Publié initialement sur Linkedin
Emmanuel Macron souhaite revoir le statut d’auto-entrepreneur. Entre les procédures simplifiées d’immatriculation (l’inscription peut se faire en ligne, en quelques minutes) et des charges réduites, ce régime a tout pour séduire. Pourtant, le nombre des inscriptions est en baisse (-21 % en 2015). Et le Gouvernement ne semble pas prêt à accepter une nouvelle évolution profonde de notre conception de l’entreprise. Certains ministres, déjà, ont indiqué qu’ils ne soutiendront pas cette mesure.
Pourtant, ce statut est un atout pour dynamiser la création d’activités et faire baisser, à terme, le chômage. Pensé au départ comme un tremplin vers l’emploi, il s’est rapidement imposé comme étant l’égal d’une « vraie » entreprise. Si, au départ, il visait simplement à donner aux entrepreneurs en herbe une première expérience concrète avant de basculer vers un statut plus traditionnel, il est devenu une finalité en soi. Le principe de basculement vers une requalification en société commerciale s’opérant automatiquement à partir du chiffre d’affaire d’annuel : plus de 32.900 euros pour les activités de services et plus de 82.200 euros pour les activités libérales dans les activités de commerce. En dessous, la personne continue à bénéficier du régime de la micro-entreprise (et de ses avantages).
L’idée du Ministre Macron est d’élever ces seuils afin de renforcer l’attractivité de ce statut tout en en maintenant les avantages. Ainsi, il propose de tripler le seuil des chiffres d’affaires annuels, limitant ainsi le passage des auto-entrepreneurs en sociétés commerciales qui sont plus contraignantes.
Cette idée est séduisante car la structure du marché du travail est peu propice à la création d’emplois et tend généralement à la précarisation (disparition progressive des CDI au profit des CDD, voire des contrats d’intérim). A cela s’ajoute que l’insertion des jeunes est mauvaise : ils peinent à acquérir une première expérience, laquelle va conditionner leur recrutement. Tout aussi mauvaise que le retour sur le marché du travail des seniors.

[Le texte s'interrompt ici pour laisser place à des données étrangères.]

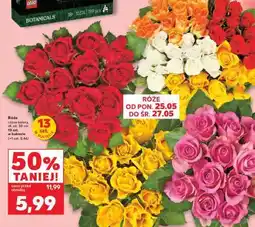 Kaufland Róże oferta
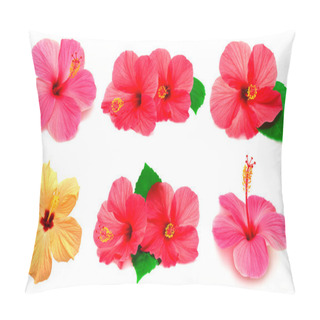 Personality  Collection Of Colored Hibiscus Pillow Covers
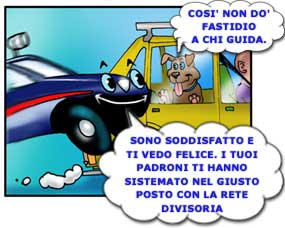 Trasporto di animali in auto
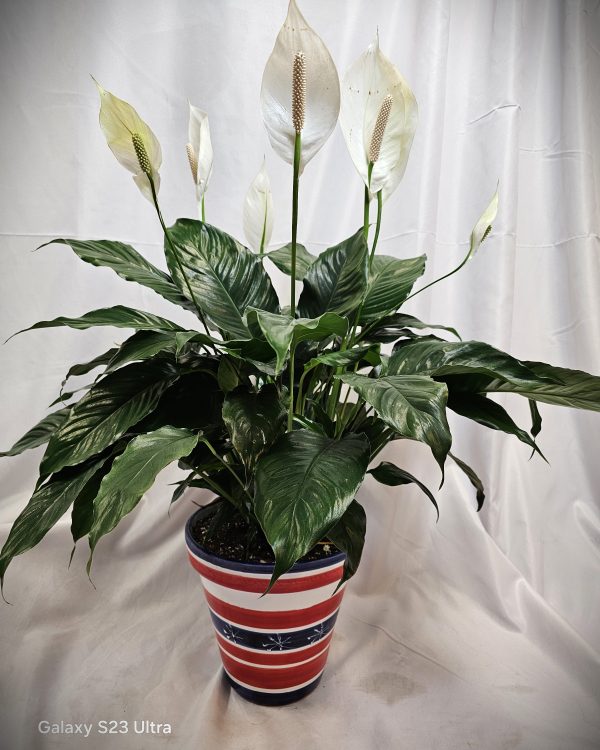 Potted peace lily plant with white blooms in a striped planter, taken with a galaxy s23 ultra.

Ce statut protégé, peu contraignant pour l’auto-entrepreneur et dont le coût pour lui est limité, permettrait de contrebalancer cette situation. Il favoriserait aussi le goût de la prise de risque, et de l’innovation : créer son activité étant à la fois plébiscité par les demandeurs d’emploi et étant aussi économiquement créateur de stabilité (l’auto-entrepreneur exerçant dans une zone réduite où il est directement en contact avec les besoins des clients et peut donc adapter en temps réel son activité à leurs attentes).
Pourtant cette réforme, si elle est validée par le Conseil des ministres puis votée, va se heurter à l’immobilisme des syndicats des artisans qui tiennent à maintenir leurs avantages corporatistes (et des prix élevés). Ils considèrent, pour justifier ce refus, que les auto-entrepreneurs constituent une « concurrence déloyale ». Cette idée n’a pas de fondement objectif puisque l’ensemble des professionnels de ce secteur est soumis aux mêmes exigences de garanties en fonction des activités exercées (niveau de formation professionnelle pour inscription dans les registres d’exercice,assurance décennale, …).
Une nouvelle fois, l’efficacité économique d’une mesure risque d’être sacrifiée au profit des accords et enjeux électoraux. Dans un pays où le taux de chômage progresse et où la croissance est nulle, il serait toutefois intéressant de rompre avec cette mauvaise habitude.